Have no idea but that horse in your avatar has a mane to die for!


----------



## SarahandDallas (May 28, 2013)

I know! I found it somewhere on Tumblr awhile back <3


----------



## Saddlebag (Jan 17, 2011)

Learn to stand by his shoulder, grab a handful of mane and swing your hips up. There's a mental barrier you have to get past as most will impede the swing just before the legs span the horse's back. I've watched a 5'2" gal swing up on a 16.3hh this way. Lots of videos on youtube. The biggest drawback to learning to mount this way is getting the giggles.


----------



## BarrelRace4Life (Aug 15, 2010)

Well, I'd say it'd probably be faster for you to learn how to jump like Saddlebag described than to teach your horse to bow, so I'd suggest going with that. 
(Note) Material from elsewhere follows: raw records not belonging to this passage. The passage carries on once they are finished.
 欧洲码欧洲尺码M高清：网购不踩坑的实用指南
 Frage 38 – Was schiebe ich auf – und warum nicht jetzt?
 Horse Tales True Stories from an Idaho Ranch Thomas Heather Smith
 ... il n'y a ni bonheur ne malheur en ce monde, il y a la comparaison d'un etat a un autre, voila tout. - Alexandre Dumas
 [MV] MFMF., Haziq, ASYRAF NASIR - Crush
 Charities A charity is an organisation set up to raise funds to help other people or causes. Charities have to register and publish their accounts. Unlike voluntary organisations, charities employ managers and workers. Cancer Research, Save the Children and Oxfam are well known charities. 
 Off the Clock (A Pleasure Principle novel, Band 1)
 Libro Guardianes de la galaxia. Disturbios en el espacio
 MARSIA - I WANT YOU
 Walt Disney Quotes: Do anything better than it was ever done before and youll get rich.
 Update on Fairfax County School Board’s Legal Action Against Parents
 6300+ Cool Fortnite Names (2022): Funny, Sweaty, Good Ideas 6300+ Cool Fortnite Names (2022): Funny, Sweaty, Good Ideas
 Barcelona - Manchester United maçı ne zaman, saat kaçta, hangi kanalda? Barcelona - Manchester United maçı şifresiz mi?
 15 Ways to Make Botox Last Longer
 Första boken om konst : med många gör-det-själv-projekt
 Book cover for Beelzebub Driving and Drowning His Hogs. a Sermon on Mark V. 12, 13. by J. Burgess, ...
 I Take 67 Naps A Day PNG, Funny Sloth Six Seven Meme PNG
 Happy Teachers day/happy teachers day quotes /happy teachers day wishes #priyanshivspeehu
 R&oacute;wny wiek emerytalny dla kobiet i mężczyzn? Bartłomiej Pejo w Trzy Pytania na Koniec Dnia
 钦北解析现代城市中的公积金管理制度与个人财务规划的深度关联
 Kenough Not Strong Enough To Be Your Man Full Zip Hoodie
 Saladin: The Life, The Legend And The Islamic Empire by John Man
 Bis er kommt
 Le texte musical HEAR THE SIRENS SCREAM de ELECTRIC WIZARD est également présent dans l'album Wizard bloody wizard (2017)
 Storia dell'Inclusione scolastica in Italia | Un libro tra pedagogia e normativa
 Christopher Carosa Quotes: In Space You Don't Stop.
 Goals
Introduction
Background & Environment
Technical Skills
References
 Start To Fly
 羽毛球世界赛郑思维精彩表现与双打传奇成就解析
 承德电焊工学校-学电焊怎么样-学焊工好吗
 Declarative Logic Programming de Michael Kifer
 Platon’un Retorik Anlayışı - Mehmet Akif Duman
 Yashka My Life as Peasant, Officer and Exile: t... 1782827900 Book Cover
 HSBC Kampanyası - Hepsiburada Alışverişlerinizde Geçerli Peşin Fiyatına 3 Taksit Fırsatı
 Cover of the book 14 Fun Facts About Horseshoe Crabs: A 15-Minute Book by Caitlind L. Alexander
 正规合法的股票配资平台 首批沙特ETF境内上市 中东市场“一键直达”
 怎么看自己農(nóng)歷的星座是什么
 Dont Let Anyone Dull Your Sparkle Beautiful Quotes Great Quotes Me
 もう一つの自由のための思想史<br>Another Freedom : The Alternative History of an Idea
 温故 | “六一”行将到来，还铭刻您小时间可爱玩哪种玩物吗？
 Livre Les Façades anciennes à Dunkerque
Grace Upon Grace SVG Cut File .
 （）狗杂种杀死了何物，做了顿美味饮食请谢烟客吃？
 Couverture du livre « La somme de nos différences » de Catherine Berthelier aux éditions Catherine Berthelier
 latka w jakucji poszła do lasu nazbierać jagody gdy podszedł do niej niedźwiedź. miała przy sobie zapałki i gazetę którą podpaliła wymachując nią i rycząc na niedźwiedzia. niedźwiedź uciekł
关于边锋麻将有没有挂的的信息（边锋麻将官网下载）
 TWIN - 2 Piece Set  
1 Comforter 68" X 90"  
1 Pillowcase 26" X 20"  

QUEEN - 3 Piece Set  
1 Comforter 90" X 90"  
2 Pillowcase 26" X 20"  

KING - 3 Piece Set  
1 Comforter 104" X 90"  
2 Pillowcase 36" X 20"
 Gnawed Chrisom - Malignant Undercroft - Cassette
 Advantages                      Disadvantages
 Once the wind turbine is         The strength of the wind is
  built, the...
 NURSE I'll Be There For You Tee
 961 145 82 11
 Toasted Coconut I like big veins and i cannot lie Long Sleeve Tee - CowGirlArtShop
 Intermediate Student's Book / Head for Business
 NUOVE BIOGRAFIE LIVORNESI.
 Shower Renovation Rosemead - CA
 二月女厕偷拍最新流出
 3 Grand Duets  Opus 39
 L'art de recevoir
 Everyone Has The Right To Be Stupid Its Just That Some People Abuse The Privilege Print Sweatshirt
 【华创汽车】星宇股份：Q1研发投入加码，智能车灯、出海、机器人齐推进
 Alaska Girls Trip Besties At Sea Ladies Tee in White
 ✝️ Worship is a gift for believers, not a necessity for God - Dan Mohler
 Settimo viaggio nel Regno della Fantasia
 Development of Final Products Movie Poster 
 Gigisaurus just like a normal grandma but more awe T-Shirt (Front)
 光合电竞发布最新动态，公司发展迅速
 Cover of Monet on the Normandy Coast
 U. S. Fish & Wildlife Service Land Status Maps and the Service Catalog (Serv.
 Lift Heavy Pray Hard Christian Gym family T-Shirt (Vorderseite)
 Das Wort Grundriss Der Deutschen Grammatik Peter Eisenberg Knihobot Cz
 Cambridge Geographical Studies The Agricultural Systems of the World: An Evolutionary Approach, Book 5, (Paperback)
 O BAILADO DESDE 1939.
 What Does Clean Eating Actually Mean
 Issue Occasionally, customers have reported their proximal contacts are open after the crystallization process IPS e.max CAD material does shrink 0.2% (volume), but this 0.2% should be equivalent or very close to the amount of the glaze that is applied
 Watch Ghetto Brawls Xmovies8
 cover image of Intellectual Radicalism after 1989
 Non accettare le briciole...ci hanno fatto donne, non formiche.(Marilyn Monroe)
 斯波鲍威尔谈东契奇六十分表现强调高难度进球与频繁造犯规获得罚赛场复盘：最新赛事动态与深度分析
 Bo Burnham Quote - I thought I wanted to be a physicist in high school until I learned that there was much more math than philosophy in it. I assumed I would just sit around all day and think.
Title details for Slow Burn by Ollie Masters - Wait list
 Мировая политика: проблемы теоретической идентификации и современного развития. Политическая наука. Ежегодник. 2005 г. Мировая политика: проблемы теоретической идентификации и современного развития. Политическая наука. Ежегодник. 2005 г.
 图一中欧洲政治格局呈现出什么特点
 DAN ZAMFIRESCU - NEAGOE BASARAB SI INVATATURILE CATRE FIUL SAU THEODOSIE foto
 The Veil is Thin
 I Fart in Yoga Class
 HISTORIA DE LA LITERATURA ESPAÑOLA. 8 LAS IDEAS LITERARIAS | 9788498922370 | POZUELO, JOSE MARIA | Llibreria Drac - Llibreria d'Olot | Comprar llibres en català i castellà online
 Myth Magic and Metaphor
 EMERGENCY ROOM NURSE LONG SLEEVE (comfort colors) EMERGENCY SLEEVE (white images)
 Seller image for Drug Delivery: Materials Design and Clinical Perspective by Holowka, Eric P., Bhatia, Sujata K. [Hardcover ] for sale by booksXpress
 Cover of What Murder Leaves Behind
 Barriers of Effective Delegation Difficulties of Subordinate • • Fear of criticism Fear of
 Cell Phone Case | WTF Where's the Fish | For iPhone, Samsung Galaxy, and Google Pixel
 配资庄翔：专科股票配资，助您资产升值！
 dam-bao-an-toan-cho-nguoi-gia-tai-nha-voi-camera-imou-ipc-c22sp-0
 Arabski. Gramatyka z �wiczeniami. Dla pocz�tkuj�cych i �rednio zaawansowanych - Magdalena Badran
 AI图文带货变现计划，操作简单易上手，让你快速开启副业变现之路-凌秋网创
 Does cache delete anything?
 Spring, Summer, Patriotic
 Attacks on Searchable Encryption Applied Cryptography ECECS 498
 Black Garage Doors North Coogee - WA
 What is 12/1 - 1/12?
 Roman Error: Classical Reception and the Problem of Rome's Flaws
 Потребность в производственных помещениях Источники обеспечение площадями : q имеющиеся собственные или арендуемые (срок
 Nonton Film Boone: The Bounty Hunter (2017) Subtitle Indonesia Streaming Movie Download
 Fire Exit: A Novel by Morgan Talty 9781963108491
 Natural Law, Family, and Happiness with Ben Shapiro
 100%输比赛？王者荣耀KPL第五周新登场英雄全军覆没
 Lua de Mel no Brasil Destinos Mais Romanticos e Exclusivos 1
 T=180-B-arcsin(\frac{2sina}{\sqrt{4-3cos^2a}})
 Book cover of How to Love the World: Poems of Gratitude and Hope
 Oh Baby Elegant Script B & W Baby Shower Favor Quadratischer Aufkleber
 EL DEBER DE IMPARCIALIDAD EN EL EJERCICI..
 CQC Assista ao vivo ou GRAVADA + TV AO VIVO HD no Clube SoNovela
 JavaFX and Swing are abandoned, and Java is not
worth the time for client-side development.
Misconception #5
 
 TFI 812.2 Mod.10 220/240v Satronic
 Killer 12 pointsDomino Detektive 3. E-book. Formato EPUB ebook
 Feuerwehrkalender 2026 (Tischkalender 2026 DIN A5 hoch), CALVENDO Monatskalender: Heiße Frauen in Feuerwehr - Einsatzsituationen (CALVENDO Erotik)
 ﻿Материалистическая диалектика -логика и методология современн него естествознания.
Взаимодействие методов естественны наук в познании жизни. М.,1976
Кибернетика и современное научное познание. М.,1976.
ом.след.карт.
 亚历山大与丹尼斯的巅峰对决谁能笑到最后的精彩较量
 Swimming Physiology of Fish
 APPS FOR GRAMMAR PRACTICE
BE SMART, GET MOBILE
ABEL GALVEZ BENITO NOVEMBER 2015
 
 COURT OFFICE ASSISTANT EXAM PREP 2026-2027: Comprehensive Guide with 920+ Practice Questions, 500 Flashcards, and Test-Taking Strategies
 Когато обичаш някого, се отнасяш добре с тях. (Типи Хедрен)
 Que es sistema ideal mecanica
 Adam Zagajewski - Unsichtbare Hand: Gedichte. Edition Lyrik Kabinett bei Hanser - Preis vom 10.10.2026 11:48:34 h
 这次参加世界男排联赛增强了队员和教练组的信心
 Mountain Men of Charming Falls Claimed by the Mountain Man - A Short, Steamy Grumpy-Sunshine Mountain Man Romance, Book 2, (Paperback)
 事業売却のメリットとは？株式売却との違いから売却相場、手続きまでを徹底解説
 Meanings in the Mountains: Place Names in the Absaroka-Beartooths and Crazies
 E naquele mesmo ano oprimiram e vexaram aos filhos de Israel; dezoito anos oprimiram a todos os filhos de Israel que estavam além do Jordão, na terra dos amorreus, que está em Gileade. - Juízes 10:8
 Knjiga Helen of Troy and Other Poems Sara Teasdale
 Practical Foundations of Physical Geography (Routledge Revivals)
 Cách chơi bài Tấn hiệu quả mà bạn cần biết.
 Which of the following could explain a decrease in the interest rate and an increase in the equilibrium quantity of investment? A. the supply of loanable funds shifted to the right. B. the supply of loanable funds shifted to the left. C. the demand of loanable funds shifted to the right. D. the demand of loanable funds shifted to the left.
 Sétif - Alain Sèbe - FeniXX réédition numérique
As for the bowing however, how I've been teaching my horse to is by first asking her to bring her head as far down to her chest and between her legs as you can with a treat. Then when they're good at that, pick up their foot and ask for the same thing. Gradually ask them to go farther and farther back until they start to lean back on their one foot, and reward them right away whenever they try or do something right. 

There are lots of ways to teach the bow though. I do it this way because my horse responds to treats much better than me pulling at her with ropes. Otherwise she gets frustrated and upset. There are lots of youtube videos on this though so you can see for yourself how some people do it!


----------



## SarahandDallas (May 28, 2013)

I would try that,but if I try to feed him more than one treat he gets nippy :/ He even tried to nip at some little kids with apples last night and I didn't want them to think he would bite them on purpose,mainly because one little girl was scared of horses,so I told them he just lost his weight and I don't want him getting fat again,which is true


----------



## Chevaux (Jun 27, 2012)

I have heard this so do not know if it is fact or not: With a horse in bowing or laying down position (so the rider can mount) it is difficult for the horse to get back up with the extra weight on its back. 

I agree with Saddlebag -- if you're at all athletically inclined and/or limber you can learn to swing yourself up fairly easily. Alternatively, if that is not doable, I have heard of people teaching horses to lower their necks then the rider leans over the neck (close to the shoulder) and then the horse raises it neck and the rider wiggles into place on the back. I have know idea if this would be hard on the horse or not and, at the risk of being blunt, would not suggest this method for a heavier person because of potential strain on the horses neck. I wonder if anyone on this forum has tried this method and can comment on it????


----------



## jaydee (May 10, 2012)

I don't know about this but I have wiggled back into the saddle from somewhere close to a horses ears on more than one occasion - not there intentionally though - more of a human catapult situation!!!


----------



## Iseul (Mar 8, 2010)

I plan on teaching my mare to bow, just to make it easier to get on WITH a saddle, lol. I feel terrible flinging my fat butt up on her on trails when I lose my phone/cigarettes and figured the upward strain would be much better than a sideways strain.

My friend and I taught his gelding to bow by using treats and a soft rope around the leg he was to lay down. He started out doing carrot stretches (he could STRETCH! lol), and we just added the lifting and laying of the one leg.
_Posted via Mobile Device_


----------



## JaphyJaphy (Nov 15, 2012)

I've taught a couple of horses to bow and/or lie down, and it's fairly simple, especially if the horse is particularly motivated by food. 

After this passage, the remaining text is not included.